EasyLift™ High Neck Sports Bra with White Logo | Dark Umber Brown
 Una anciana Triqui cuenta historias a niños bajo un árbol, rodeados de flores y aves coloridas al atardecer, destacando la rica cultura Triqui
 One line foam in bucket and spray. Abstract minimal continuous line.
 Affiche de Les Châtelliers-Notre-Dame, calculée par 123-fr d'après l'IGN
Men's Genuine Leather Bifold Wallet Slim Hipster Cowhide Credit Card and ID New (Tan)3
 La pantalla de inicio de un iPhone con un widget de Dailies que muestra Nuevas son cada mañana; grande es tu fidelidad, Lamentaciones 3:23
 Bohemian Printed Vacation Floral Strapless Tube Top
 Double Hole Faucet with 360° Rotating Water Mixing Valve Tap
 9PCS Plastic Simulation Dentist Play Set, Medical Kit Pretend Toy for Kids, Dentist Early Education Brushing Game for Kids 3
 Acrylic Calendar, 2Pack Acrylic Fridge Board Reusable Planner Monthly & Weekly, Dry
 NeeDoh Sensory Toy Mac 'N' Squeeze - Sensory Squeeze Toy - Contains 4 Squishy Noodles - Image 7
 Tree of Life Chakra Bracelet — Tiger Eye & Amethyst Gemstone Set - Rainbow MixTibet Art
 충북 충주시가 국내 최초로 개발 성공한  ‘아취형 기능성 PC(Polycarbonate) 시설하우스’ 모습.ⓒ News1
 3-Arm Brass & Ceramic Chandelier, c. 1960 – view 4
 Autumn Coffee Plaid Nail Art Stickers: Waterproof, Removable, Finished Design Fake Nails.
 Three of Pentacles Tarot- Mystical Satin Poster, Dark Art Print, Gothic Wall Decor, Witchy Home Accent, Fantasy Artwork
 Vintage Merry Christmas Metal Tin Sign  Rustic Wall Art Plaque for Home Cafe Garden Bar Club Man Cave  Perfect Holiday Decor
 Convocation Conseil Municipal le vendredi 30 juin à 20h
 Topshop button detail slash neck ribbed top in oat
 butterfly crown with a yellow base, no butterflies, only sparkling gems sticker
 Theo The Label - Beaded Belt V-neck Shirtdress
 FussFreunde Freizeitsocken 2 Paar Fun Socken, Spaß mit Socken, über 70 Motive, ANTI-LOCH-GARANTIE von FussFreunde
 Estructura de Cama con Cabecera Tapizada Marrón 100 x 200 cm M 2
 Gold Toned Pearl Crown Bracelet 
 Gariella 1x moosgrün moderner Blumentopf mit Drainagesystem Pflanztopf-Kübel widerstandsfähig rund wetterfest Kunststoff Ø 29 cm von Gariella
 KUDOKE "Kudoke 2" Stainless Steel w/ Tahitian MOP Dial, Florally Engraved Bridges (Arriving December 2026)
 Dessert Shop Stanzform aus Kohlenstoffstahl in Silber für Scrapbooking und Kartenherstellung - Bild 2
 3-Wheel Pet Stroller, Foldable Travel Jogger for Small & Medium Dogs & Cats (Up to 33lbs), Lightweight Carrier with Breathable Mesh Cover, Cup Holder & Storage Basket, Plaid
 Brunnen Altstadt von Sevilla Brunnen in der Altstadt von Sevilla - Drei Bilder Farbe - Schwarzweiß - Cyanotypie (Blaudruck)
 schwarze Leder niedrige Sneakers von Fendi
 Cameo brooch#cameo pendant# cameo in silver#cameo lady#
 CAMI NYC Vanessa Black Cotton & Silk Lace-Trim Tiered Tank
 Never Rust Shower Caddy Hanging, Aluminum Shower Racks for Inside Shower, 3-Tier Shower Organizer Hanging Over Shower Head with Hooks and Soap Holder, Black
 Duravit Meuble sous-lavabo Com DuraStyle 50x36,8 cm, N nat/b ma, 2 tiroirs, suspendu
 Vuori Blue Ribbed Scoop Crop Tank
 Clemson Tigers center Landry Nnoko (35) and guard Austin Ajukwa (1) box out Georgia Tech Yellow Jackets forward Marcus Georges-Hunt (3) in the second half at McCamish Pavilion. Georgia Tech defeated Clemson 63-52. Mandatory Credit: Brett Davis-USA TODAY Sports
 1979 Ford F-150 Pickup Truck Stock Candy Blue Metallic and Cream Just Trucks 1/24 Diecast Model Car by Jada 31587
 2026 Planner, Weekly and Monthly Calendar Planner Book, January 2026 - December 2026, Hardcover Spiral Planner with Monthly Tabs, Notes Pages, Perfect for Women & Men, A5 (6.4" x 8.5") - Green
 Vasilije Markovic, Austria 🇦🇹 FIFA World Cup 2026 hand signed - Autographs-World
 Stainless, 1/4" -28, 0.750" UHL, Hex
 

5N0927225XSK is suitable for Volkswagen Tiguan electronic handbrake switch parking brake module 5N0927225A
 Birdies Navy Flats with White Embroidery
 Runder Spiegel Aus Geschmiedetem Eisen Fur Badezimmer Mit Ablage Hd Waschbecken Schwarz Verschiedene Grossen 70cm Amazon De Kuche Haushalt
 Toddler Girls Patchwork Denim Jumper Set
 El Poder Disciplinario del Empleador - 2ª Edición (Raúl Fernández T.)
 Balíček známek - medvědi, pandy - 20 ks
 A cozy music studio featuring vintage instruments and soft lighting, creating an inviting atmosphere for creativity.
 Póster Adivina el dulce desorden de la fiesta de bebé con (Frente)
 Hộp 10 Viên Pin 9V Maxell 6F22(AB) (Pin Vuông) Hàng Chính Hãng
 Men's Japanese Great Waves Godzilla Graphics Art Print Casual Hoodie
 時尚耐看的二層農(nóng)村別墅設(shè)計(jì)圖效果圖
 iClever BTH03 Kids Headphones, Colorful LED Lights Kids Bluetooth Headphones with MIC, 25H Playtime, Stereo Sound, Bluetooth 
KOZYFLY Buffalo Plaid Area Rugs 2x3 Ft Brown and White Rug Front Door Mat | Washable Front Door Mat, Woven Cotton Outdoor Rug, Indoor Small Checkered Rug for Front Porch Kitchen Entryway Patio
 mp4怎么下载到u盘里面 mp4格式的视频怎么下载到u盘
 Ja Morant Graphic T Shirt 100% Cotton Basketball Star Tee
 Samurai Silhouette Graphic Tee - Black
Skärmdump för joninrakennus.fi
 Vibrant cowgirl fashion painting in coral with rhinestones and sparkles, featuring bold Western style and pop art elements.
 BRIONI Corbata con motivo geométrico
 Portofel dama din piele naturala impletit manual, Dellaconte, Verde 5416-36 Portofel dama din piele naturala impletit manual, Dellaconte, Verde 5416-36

═══

- What to work on
Keep only those lines of the records that hold "Weekly", and return them.

- Solution for this task
 Acrylic Calendar, 2Pack Acrylic Fridge Board Reusable Planner Monthly & Weekly, Dry
 2026 Planner, Weekly and Monthly Calendar Planner Book, January 2026 - December 2026, Hardcover Spiral Planner with Monthly Tabs, Notes Pages, Perfect for Women & Men, A5 (6.4" x 8.5") - Green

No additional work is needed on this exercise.